Once the line containing "Audi RS6 Avant" is located in the records below, repeat it and all lines that follow it exactly, leaving out any picture.

[Crawled caption data]
= Beginning of Section =
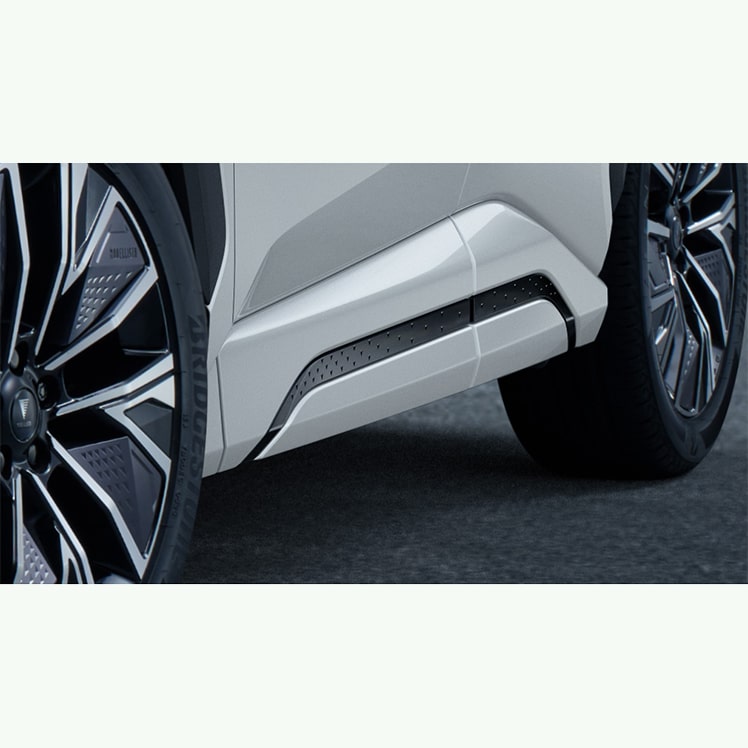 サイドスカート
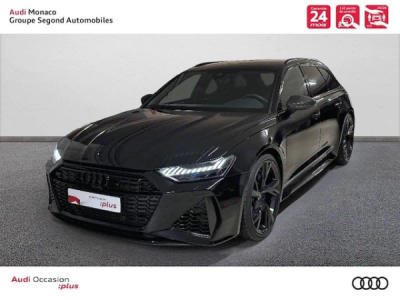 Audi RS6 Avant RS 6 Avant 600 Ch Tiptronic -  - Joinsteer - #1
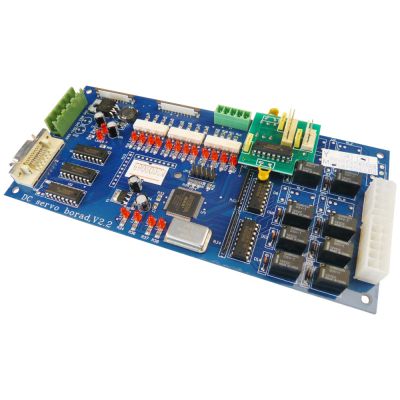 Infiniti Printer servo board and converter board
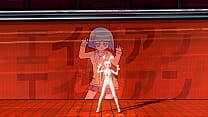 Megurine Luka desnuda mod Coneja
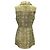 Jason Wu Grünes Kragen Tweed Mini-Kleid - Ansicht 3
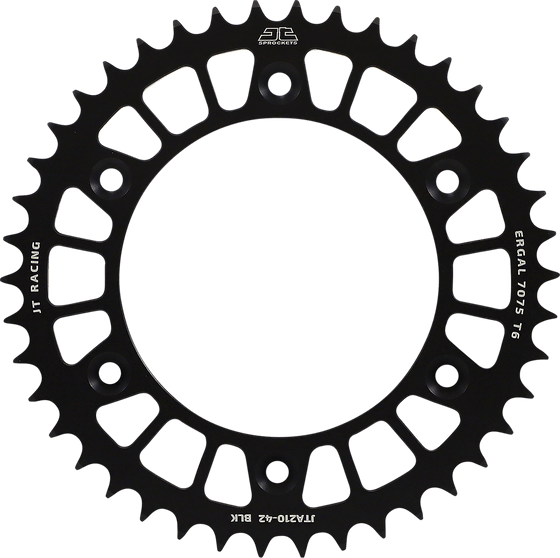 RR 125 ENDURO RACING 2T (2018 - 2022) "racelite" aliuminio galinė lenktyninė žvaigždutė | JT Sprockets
= End of Section =
REPLY TO THE EXERCISE
 Audi RS6 Avant RS 6 Avant 600 Ch Tiptronic -  - Joinsteer - #1
 Infiniti Printer servo board and converter board
 Megurine Luka desnuda mod Coneja
 Jason Wu Grünes Kragen Tweed Mini-Kleid - Ansicht 3
 RR 125 ENDURO RACING 2T (2018 - 2022) "racelite" aliuminio galinė lenktyninė žvaigždutė | JT Sprockets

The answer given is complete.